WHAT THE TASK ASKS >> Every line in the records below between the one holding "Das Rekordspiel des" and the one holding "Black Women's Pinko", inclusive, is to be set down exactly; all other lines are to be left out.

INPUT DATA >>
- - - -

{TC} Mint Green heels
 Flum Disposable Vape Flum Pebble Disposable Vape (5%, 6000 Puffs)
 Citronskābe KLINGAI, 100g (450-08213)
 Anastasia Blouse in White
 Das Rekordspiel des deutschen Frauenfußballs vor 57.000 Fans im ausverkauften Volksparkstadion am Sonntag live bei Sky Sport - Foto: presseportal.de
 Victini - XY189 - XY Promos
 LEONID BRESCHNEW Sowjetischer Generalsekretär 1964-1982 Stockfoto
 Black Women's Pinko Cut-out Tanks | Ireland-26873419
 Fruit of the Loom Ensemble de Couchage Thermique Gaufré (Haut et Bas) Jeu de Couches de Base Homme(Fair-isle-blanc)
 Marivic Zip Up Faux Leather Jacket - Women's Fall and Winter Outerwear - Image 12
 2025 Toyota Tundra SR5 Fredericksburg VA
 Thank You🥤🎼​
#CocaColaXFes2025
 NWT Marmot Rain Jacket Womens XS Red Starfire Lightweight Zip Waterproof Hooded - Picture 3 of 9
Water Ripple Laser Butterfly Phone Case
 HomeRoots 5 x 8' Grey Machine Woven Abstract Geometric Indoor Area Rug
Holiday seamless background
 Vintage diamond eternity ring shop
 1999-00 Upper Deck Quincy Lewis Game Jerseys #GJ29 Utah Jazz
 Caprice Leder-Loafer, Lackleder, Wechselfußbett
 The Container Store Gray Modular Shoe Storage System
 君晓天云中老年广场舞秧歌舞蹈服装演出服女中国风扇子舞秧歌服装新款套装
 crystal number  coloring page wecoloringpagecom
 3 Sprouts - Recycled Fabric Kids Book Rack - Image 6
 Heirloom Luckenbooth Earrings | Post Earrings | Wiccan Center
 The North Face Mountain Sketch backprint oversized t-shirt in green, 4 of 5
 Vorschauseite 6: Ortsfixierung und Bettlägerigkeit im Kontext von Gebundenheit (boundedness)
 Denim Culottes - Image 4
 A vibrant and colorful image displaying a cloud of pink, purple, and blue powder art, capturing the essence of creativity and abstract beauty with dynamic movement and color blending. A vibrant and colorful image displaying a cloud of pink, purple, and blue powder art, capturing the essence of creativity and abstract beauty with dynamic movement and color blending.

- - - -

EXERCISE RESPONSE >>
 Das Rekordspiel des deutschen Frauenfußballs vor 57.000 Fans im ausverkauften Volksparkstadion am Sonntag live bei Sky Sport - Foto: presseportal.de
 Victini - XY189 - XY Promos
 LEONID BRESCHNEW Sowjetischer Generalsekretär 1964-1982 Stockfoto
 Black Women's Pinko Cut-out Tanks | Ireland-26873419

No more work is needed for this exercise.